Nous avons mis du temps à réaliser ce que nous vivons aujourd'hui. Nous sommes dans l'urgence. Notre travail est le résultat d'une initiative dédiée aux départements d'outre-mer afin de mieux observer leur fonctionnement et dynamique internes. Plus que jamais, il nous faut penser à l'identité et à la coopération. La Martinique et la Guadeloupe ont beaucoup de choses communes et il est plus facile de conjuguer leur identité et de construire des coopérations, en essayant de passer outre les susceptibilités. En Guyane, nous avons été frappés par l'importance des couples mixtes et la grande tolérance de la société à l'égard de l'immigration. Les populations étrangères étaient mieux considérées que les populations de l'intérieur, d'une certaine manière. Il n'est pas certain aujourd'hui, et dix ans après cette étude, que nous retrouvions cette situation de tolérance. Quelque chose est en train de changer. Le projet d'une société tolérante n'a pas été accompagné par une société qui produit sa richesse. Le centre spatial et ses difficultés laissent à penser que tout est fragile. Nous avons vu se cristalliser, ces deux dernières années, le rapport aux populations étrangères. Ce qui était une force il y a dix ans devient une fragilité. Il faut regarder cet aspect de près.
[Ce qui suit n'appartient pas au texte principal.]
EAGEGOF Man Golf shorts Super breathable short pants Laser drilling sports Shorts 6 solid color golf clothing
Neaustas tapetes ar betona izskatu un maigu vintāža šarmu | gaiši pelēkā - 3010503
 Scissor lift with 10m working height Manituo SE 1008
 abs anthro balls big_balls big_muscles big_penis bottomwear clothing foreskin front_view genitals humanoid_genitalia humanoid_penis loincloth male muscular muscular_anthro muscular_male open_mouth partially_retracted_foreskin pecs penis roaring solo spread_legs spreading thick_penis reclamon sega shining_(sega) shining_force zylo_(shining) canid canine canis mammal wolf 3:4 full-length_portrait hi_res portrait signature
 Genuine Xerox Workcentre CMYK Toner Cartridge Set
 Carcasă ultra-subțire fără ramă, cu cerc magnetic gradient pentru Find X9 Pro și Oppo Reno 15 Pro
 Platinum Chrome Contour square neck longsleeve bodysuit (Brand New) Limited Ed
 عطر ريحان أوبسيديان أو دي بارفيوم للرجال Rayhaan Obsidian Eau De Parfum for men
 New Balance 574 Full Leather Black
Nous ne parlons pas d'économie, mais de la manière de « faire société », qui consiste à établir un lien avec celui qui n'est pas exactement moi-même, avec lequel je peux construire un projet commun. C'est tout l'enjeu des sociétés qui reçoivent de l'immigration.
Cette situation n'est pas semblable à celle de la Martinique et de la Guadeloupe. Les précarités liées au travail illégal, à la non-déclaration d'emploi et à la précarité économique n'ont pas changé depuis une dizaine d'années. On doit faire en sorte que le minimum produit comme service ou richesse par des populations en position de faiblesse soit reconnu à travers la légitimité de leur salaire. On peut ainsi « faire société » dans une chaîne de production quand on a de la sous-traitance dans tous les sens. C'est un premier point qui revalorise psychologiquement, sociologiquement et économiquement les travailleurs. Cette situation existe depuis vingt-cinq ans, mais on en parle peu. Les services de la direction du travail ne s'expriment plus sur ces questions. Les services de la production du privé reposent beaucoup sur cette précarité entretenue dans le privé. Nous sommes responsables, en tant que Martiniquais ou Guadeloupéens, de placer ceux qui sont dans les situations les plus précaires sous un minimum de protection que suppose la loi. Nous sommes dans une chaîne de collaboration et je suis reconnu comme contributeur de quelque chose qui mène à la contribution globale de la chaîne. C'est un enjeu politique qui suppose que ceux qui sont capables de produire des richesses les produisent en respect de ceux qui aident à produire la richesse. On crée une appétence à la production de richesses.
Il faut repenser différemment les univers dans lesquels nous avons fonctionné. De nouveaux univers économiques se mettent en place. Je ne suis pas assez compétent pour les connaître précisément. Ces univers supposent une haute technologie, un niveau intellectuel important. Comment faire en sorte qu'ils soient rentables et contribuent à tous ? Il faut faire retomber leurs effets nouveaux sur le territoire et permettre ainsi le retour des jeunes, attirés par une perspective de travail. Il nous faut penser à la mesure de nos moyens et à la rentabilité de ces moyens par rapport à notre territoire, ce qui suppose une volonté politique de changer la manière de fonctionner et de « faire société ». Il faut que les contributions françaises et européennes soient investies dans quelque chose qui s'ouvre sur l'avenir, sans se limiter au maintien des oligopoles.